'''
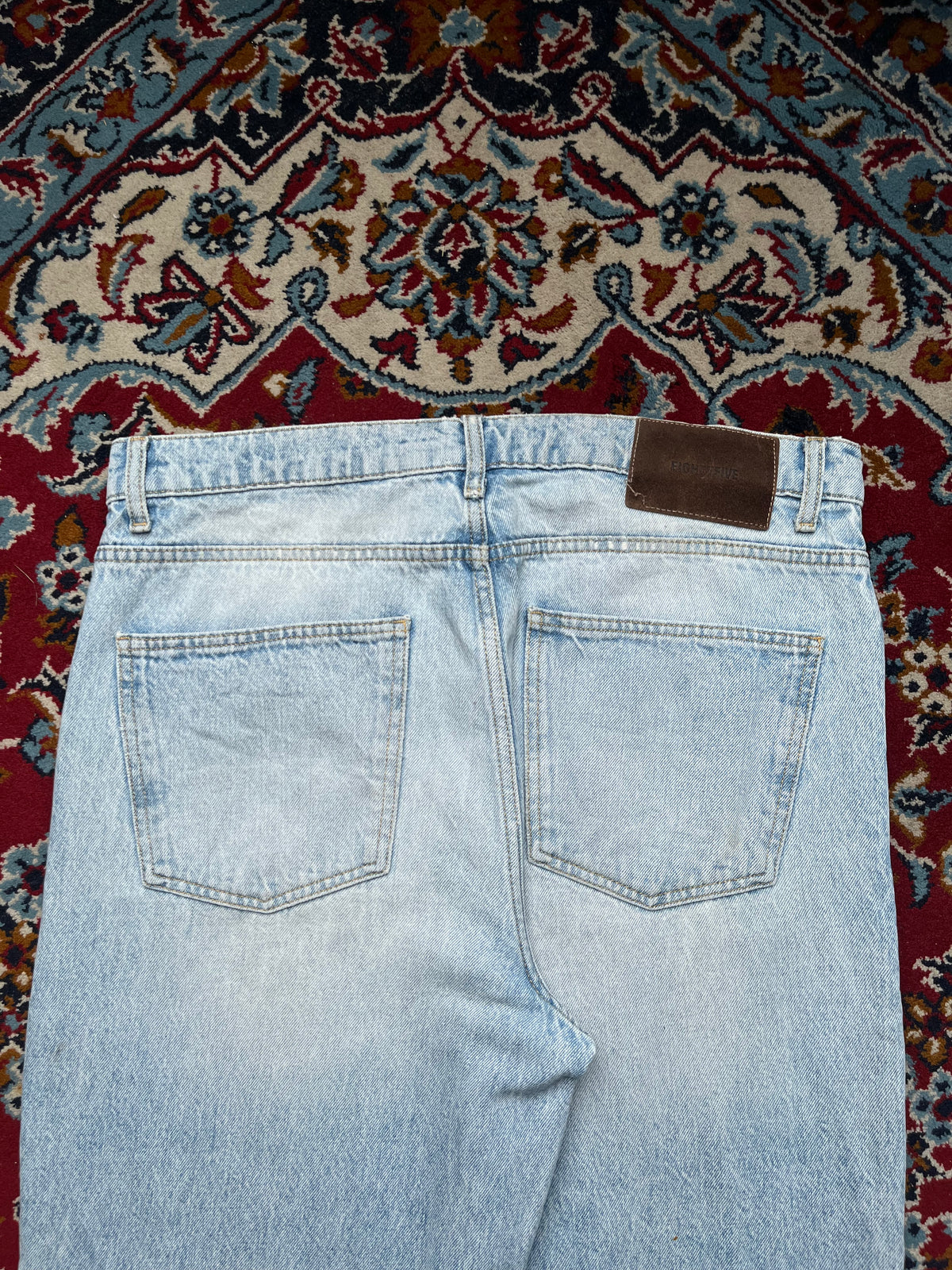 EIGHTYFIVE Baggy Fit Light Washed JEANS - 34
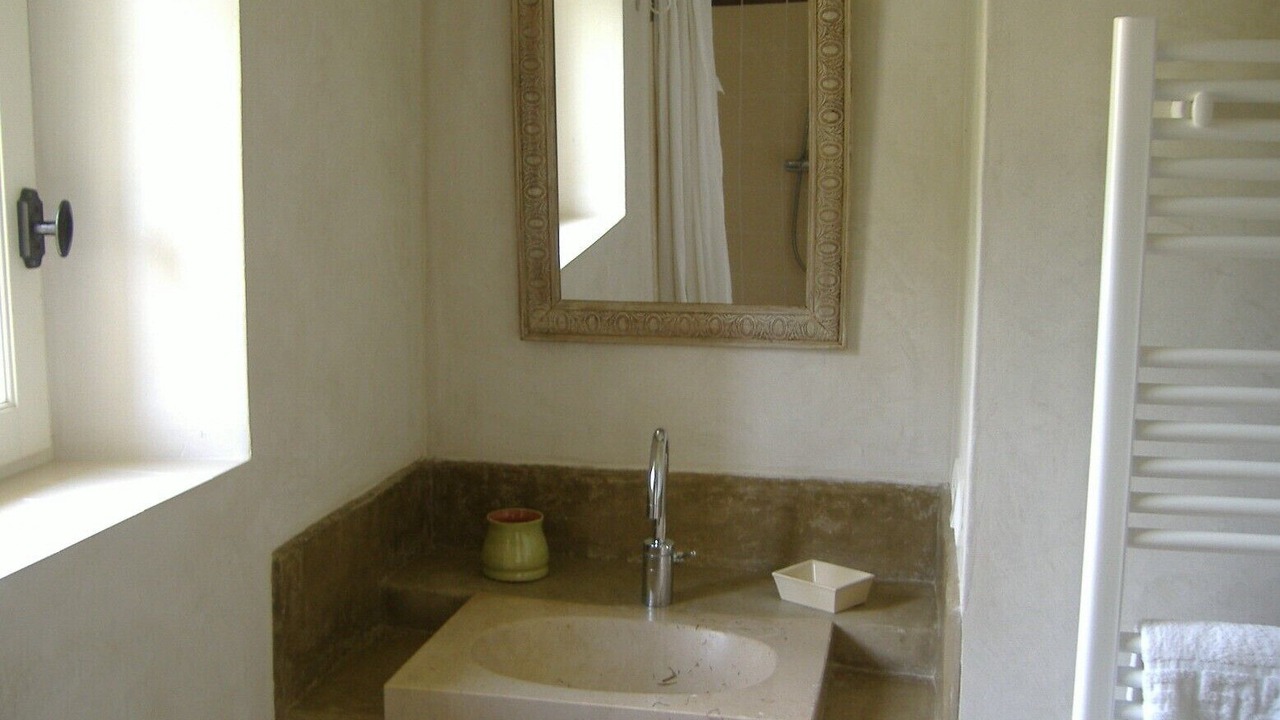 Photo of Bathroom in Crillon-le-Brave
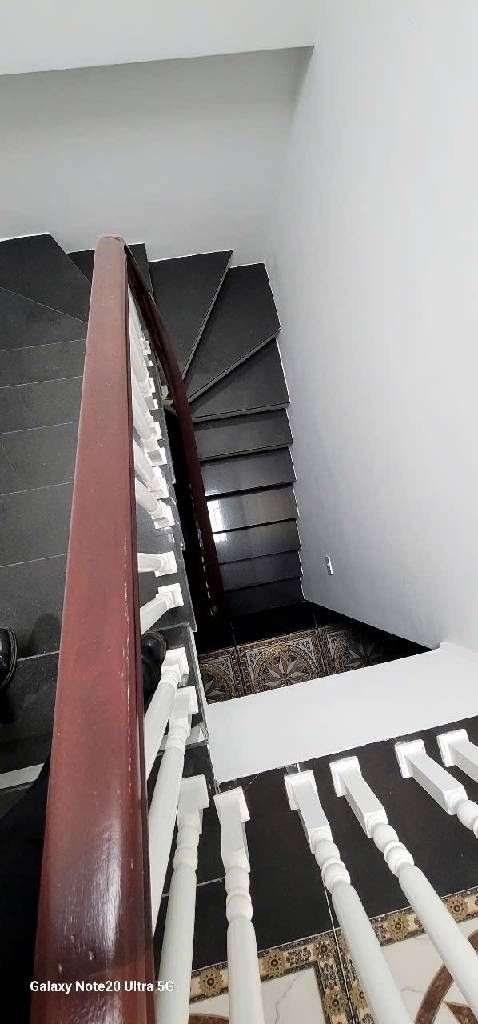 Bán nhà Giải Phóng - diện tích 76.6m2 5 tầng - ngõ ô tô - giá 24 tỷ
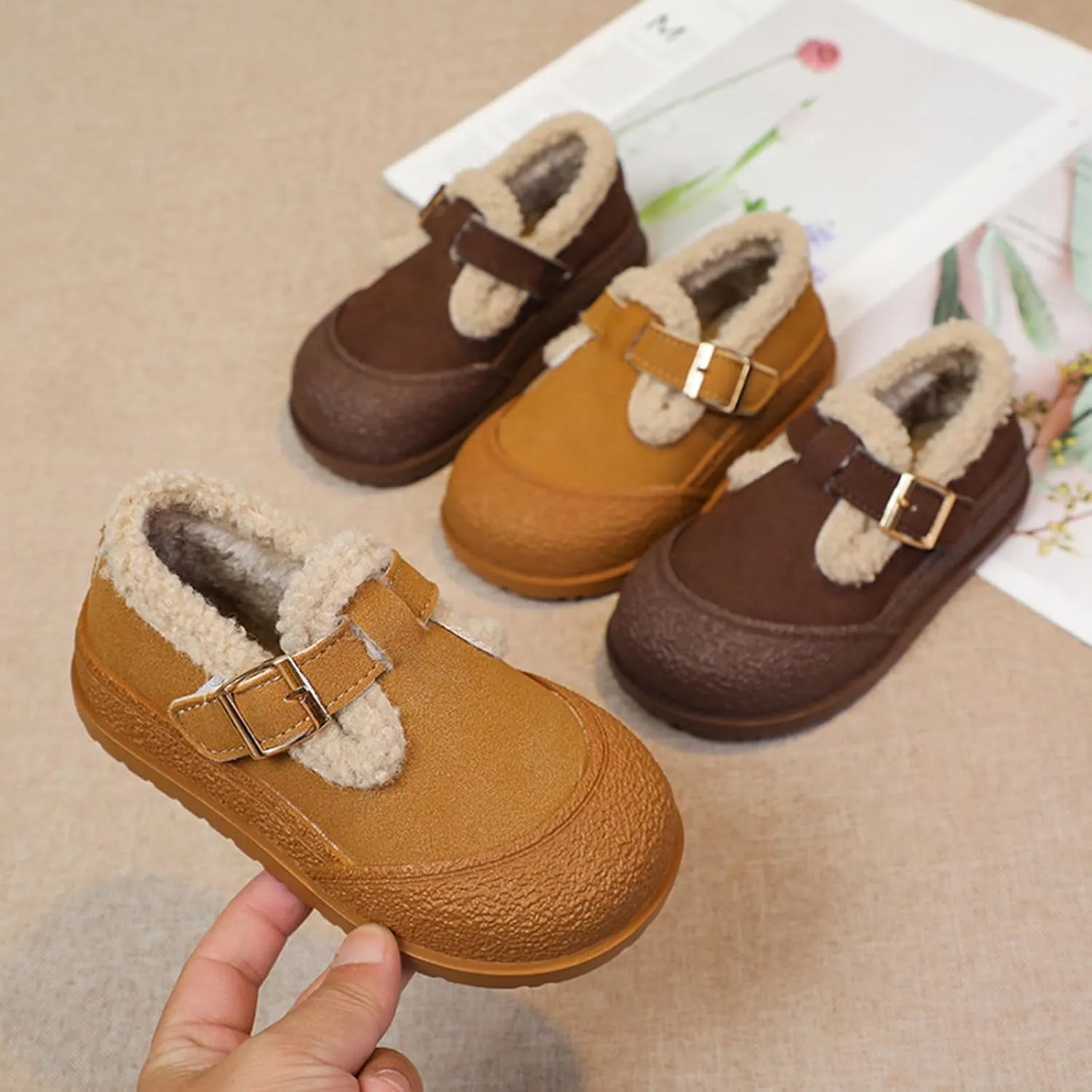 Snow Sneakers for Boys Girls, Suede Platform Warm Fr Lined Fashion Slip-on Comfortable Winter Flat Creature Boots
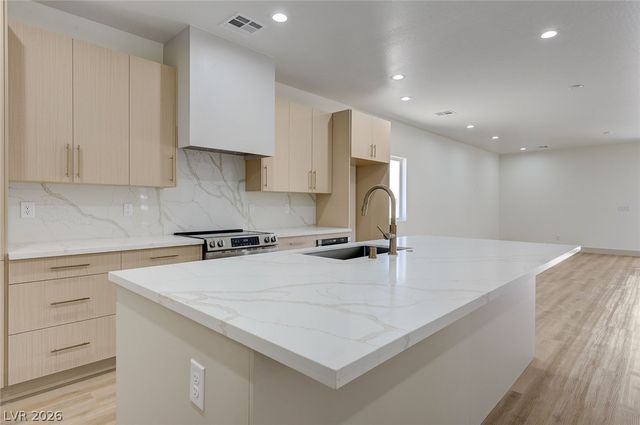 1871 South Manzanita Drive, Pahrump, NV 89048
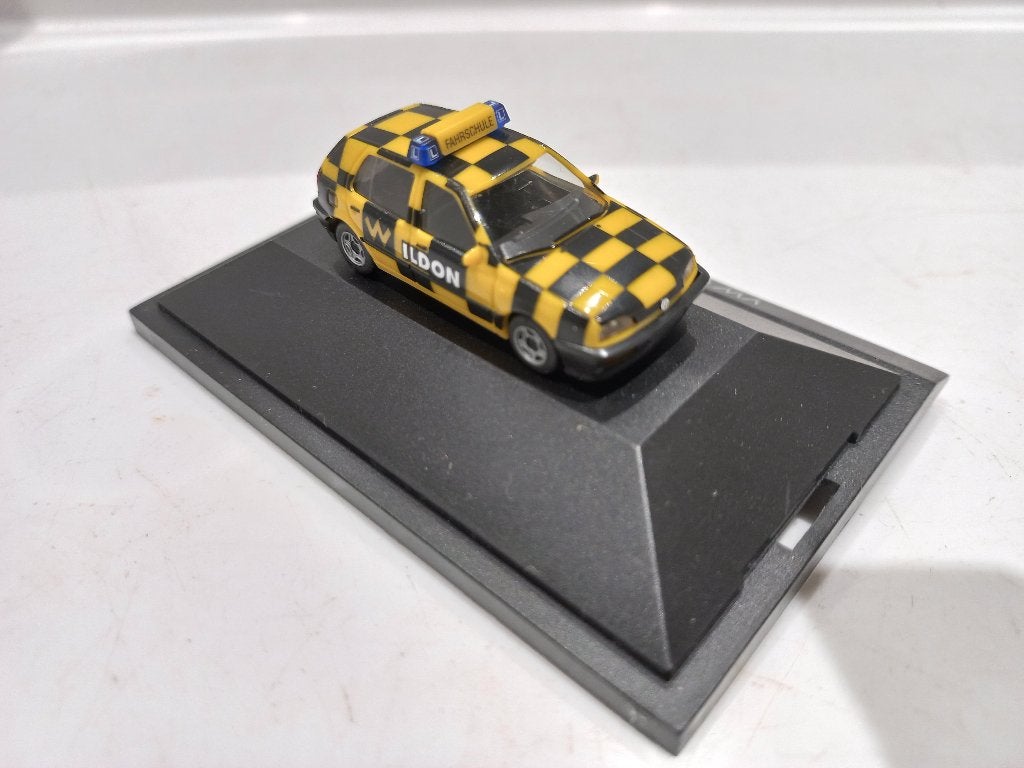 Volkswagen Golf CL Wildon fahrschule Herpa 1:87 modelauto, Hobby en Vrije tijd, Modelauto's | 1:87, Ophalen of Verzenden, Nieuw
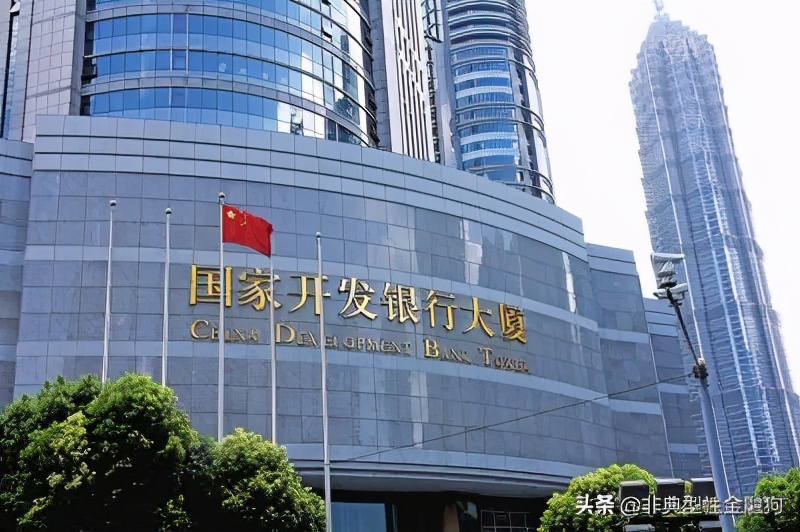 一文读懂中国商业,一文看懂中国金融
'''
Where the line containing "Bán nhà Giải" appears in the data above, begin there and output every line through the last, exactly and without pictures.

### WRITTEN REPLY
 Bán nhà Giải Phóng - diện tích 76.6m2 5 tầng - ngõ ô tô - giá 24 tỷ
 Snow Sneakers for Boys Girls, Suede Platform Warm Fr Lined Fashion Slip-on Comfortable Winter Flat Creature Boots
 1871 South Manzanita Drive, Pahrump, NV 89048
 Volkswagen Golf CL Wildon fahrschule Herpa 1:87 modelauto, Hobby en Vrije tijd, Modelauto's | 1:87, Ophalen of Verzenden, Nieuw
 一文读懂中国商业,一文看懂中国金融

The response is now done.